In regards to the arithmetic triangle:
1
1 1
1 2 1 etc
we know that it is a way to calculate the binomial coefficients or number of choices $C(n,r)$.
So I understand that there is only $1$ way to choose a set of size $0$ from an empty set and that is what the $1$ at the top of the triangle shows.
Also there is $1$ way to choose a set of size $0$ from any set hence each row starts with $1$. Each row is built on the previous one and I am confused with the logic for $2$, in the center of the third line.

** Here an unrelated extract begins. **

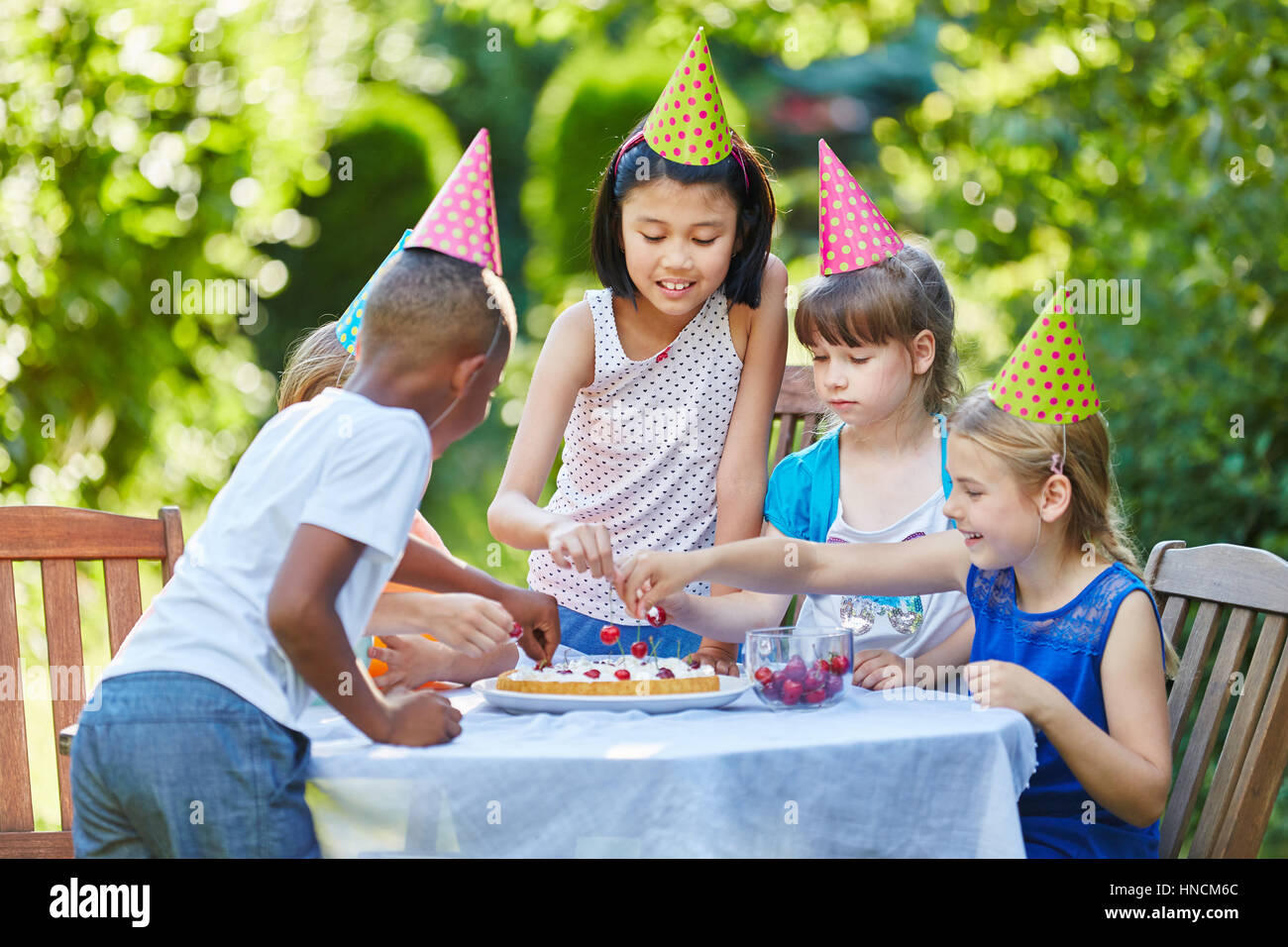 Viele kinder haben. Children celebrate Birthday together.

Basically that $2$ means that there are $2$ ways to pick a single person from a pair, but this $2$ is the sum of the ones in the first row i.e. $1$ way to choose a set of size $0$ and $1$ way to choose one person from a set of one.
But summing these two with this meaning does not make sense to me i.e. that the number of ways to pick a single person from a pair is the number of ways to pick $0$ persons from an empty set plus the number of ways to pick $1$ person from a pair.
What am I misunderstanding here?
It might be more helpful to think about the general case first: $\binom{n}{r} + \binom{n}{r + 1} = \binom{n+1}{r+1}$. (This is the combinatorial formula behind the condition that a number in the triangle is the sum of the two numbers above it.)
To explain this formula, imagine you have people numbered $1, 2, \dots, n + 1$, and that you want to choose a subset of $r + 1$ of them. The key idea is that you will include person $n + 1$ or you won’t. If you don’t include person $n + 1$, then you’re choosing a $(r + 1)$-subset from $n$ people, i.e. $\binom{n}{r + 1}$. If you do include person $n + 1$, then you have to choose $r$ more people from $n$ people, i.e. $\binom{n}{r}$. The “either/or” setup implies that the total number of subsets $\binom{n+1}{r+1}$ is the sum of these two binomial coefficients.
Now as for your special case: $\binom{2}{1} = \binom{1}{0} + \binom{1}{1}$, the people are named $1$ and $2$, and we want to choose just 1 of them. Your subset either contains person 2 or it doesn’t. If it doesn’t, we get the $\binom{1}{1} = 1$ term as we are forced to take person 1. If the subset does contain person 2, then we choose $0$ people from a set of size 1, i.e. the $\binom{1}{0}$ term.